“Tengo el color mismo de mi Madretierra: rito andino y decolonialidad en la poética de Efraín Miranda Luján”
Una investigación llevada a cabo durante varios años revela convicción, seriedad y compromiso con el quehacer académico. Por eso, un trabajo paciente, y no solo motivado por inquietudes circunstanciales (léase lo que está en boga), casi siempre arriba a un aporte sustancial con relación al objeto de estudio. Definitivamente, ese es el caso de la catedrática sanmarquina Guissela Gonzales Fernández. De hecho, una breve revisión a sus publicaciones y ponencias en la última década pondría de manifiesto su interés por explorar las diversas aristas de la poesía de Efraín Miranda (1925-2015). Y, por fin, todo el esfuerzo desplegado desemboca en la publicación de Tengo el color mismo de mi Madretierra: rito andino y decolonialidad en la poética de Efraín Miranda Luján. Como bien se apunta en la introducción, el libro es el primer acercamiento orgánico a la obra del escritor puneño (en particular de Choza y, tangencialmente, Muerte cercana), habida cuenta que hasta el momento no existían sino análisis aislados.
Jean Paul Espinoza *
Una investigación llevada a cabo durante varios años revela convicción, seriedad y compromiso con el quehacer académico. Por eso, un trabajo paciente, y no solo motivado por inquietudes circunstanciales (léase lo que está en boga), casi siempre arriba a un aporte sustancial con relación al objeto de estudio. Definitivamente, ese es el caso de la catedrática sanmarquina Guissela Gonzales Fernández. De hecho, una breve revisión a sus publicaciones y ponencias en la última década pondría de manifiesto su interés por explorar las diversas aristas de la poesía de Efraín Miranda (1925-2015). Y, por fin, todo el esfuerzo desplegado desemboca en la publicación de Tengo el color mismo de mi Madretierra: rito andino y decolonialidad en la poética de Efraín Miranda Luján. Como bien se apunta en la introducción, el libro es el primer acercamiento orgánico a la obra del escritor puneño (en particular de Choza y, tangencialmente, Muerte cercana), habida cuenta que hasta el momento no existían sino análisis aislados. Valiéndose de un arsenal teórico proveniente del pensamiento crítico latinoamericano, y de un mapeo por el contexto de la aparición de sus dos primeros poemarios (1954 y 1978), la autora se propone demostrar que en Choza se desarrolla una semiosis decolonizadora cuyo objetivo es impugnar las jerarquías impuestas entre la racionalidad occidental y el horizonte de sentido andino. Asimismo, se postula que el hablante lírico ejecuta una performance ritual que, anclada en un imaginario andino, procura acabar con la condición colonial e iniciar una etapa histórica caracterizada por la horizontalidad social. A fin de proporcionar una mayor organización al contenido de esta reseña, a continuación elaboraré una síntesis de lo expuesto en la investigación y, posteriormente, ofreceré mis apreciaciones.

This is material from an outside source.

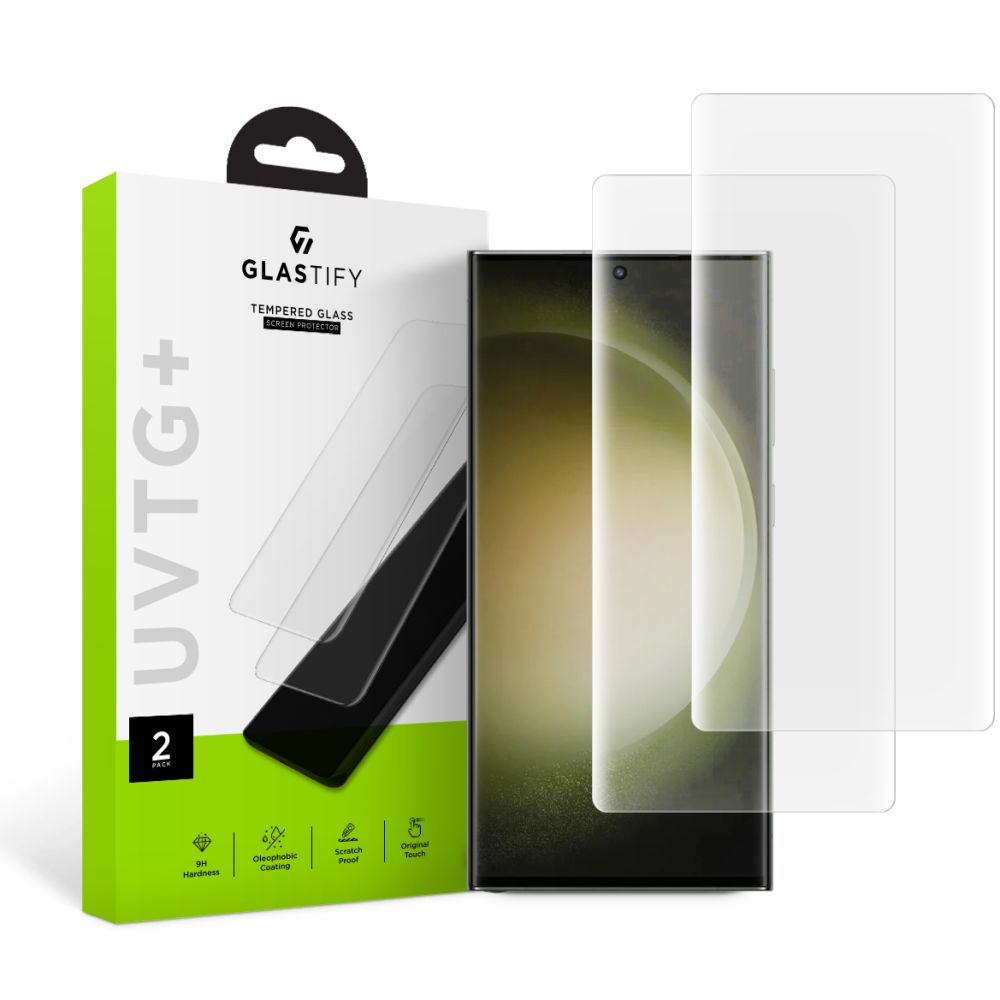 GLASTIFY UVTG+ Panzerglas für Samsung Galaxy S23 Ultra S918 | 2er Set | UV Glue | 9H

El primer capítulo inicia con un firme cuestionamiento al uso del rótulo “Generación del 50”. En congruencia con las ideas de Antonio Cornejo Polar y Carlos García-Bedoya, Gonzales indica que esa denominación es centralista, reduccionista e imprecisa, toda vez que hace referencia únicamente a un grupo de intelectuales limeños que, si bien publicaron en una misma época y compartieron un clima social en concreto, desarrollaron poéticas muy particulares y distintas unas de otras. Pese a la aplicación práctica y útil que pueda tener el término, no cabe duda de que instaura un peligro subyacente: escamotea las divergencias que emergen en un mismo espacio-tiempo. Debido a que el juicio que emite no se inserta en un terreno inexplorado, la autora indaga en las principales reflexiones al respecto, y aun cuando encuentra pluralidad de posiciones, discute prácticamente todas en aras de su diagnóstico inicial. Pero, en realidad, esta primera acción no es más que el preámbulo para examinar el papel que desempeña la poesía de Efraín Miranda en la literatura peruana de los años 50. Sobre esto, se evidencia que la crítica limeña le fue ajena, y la prueba más flagrante es que de todas las antologías (los medios consagratorios por excelencia) que versan de esos años solo dos mencionan al poeta. Afortunadamente, en Puno la situación fue diferente. No obstante, Gonzales señala que si bien en esa región hubo más entusiasmo por la obra de Miranda, nunca se consolidó ahí una crítica rigurosa. Al margen de las referencias, los datos y las valoraciones comunes, no hubo un análisis detenido que pudiera ponderar las virtudes expuestas y explicar la propuesta estética. De manera que las generalizaciones, el escaso desarrollo teórico y el “impresionismo” no habilitaron un panorama más reflexivo en torno al poeta.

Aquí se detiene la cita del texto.